Posted August. 18, 2017 07:25,
Updated August. 18, 2017 07:52
“The most central and the largest stakeholder of North Korea’s nuclear and missile programs is South Korea,” said President Moon Jae-in during a press conference on Thursday. “The spirit of the ROK-U.S. alliance is such that the U.S. should consult with South Korea in advance, even when it is taking military action outside the Korean Peninsula if doing so might lead to escalation of tensions of inter-Korean relations.” He also said that U.S. President Donald Trump had promised to seek agreement from South Korea first in implementing any military option on North Korea.
However, a CNN reporter questioned if the two countries are sharing the same stance, citing President Trump’s remarks of military action and the mentioning of “fire and fury." Even the media outlets in the U.S. are voicing concerns that the two allies are experiencing new, strained relations, in regard to President Moon’s remarks to celebrate South Korea’s Liberation Day that “No one can decide military action without the consent of South Korea.” The Wall Street Journal interpreted Moon’s remark as “a warning to the U.S.,” adding that consensus has yet to be built even among experts on whether the U.S. is legally obligated to seek approval from Seoul for military action when its own national security is on the line.
The Trump administration is considering both hawkish and dovish action plans, with the proposal of dialogue from the Department of State and that of military options from the Department of Defense on the table. On Wednesday, the U.S. Department of State said that it is willing to talk with North Korea, urging Pyongyang to give up on nuclear tests and test-firing of ballistic missiles and put a halt to such provocative rhetoric as “a plan to strike Guam,” as a precondition of dialogue.
Though the deal came with the prerequisite that the North cannot be recognized as a nuclear state and that change of attitude must be preceded, this marks the first time that the State Department has proposed detailed conditions for a dialogue with the communist regime. As to the North’s decision not to fire missiles towards Guam, U.S. President Trump said, “Kim Jong Un made a very wise and well reasoned decision.” This suggests a possibility that talks might be held between the Washington and Pyongyang just by suspending North Korea’s nuclear and missile tests without making the regime state clear intention to dismantle its nuclear program.
On Wednesday, U.S. Chairman of the Joint Chiefs of Staff Joseph Dunford paid a visit to the Northern Theatre Command in Shenyang, Liaoning, which will send troops first to Korea in case of emergency on the peninsula, and watched the military exercise of Chinese soldiers. A day before, Dunford had met with Gen. Fang Fenghui, chief of China’s Joint Staff, and experts say the two may have exchanged close consultations on various issues, ranging from the option of the U.S. striking the North to a sudden shift of situation in North Korea.
It would be most ideal if the Moon administration could prevent war on the Korean Peninsula only through dialogue.

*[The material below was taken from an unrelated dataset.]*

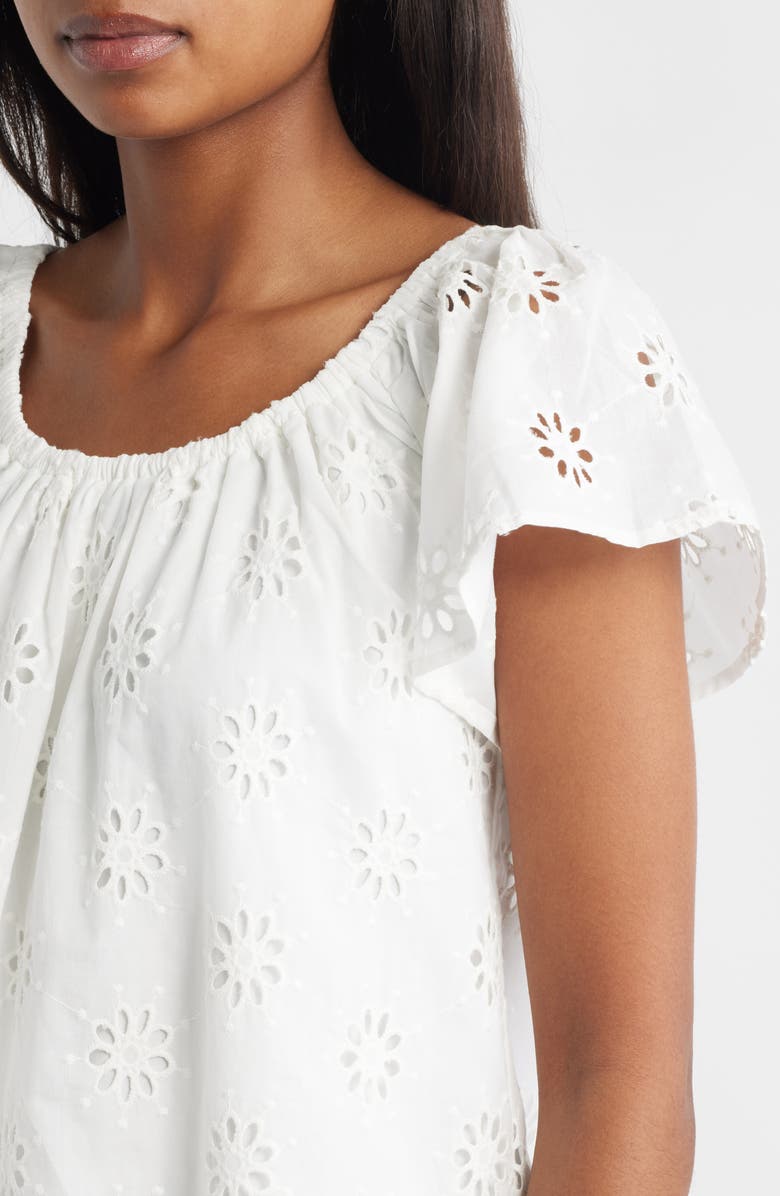 Bobeau Eyelet Cotton Peasant Top, Alternate, color, White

But the South is not making any progress on that front as the North is not even recognizing Seoul as a subject of dialogue, let alone responding to the request. Going beyond repeating “anti-war” rhetoric, the South Korean government should discuss the action plans proposed by the U.S. together based on strong cooperation. The symbolic phrase of the ROK-U.S. alliance could not be more apt now. We should “go together."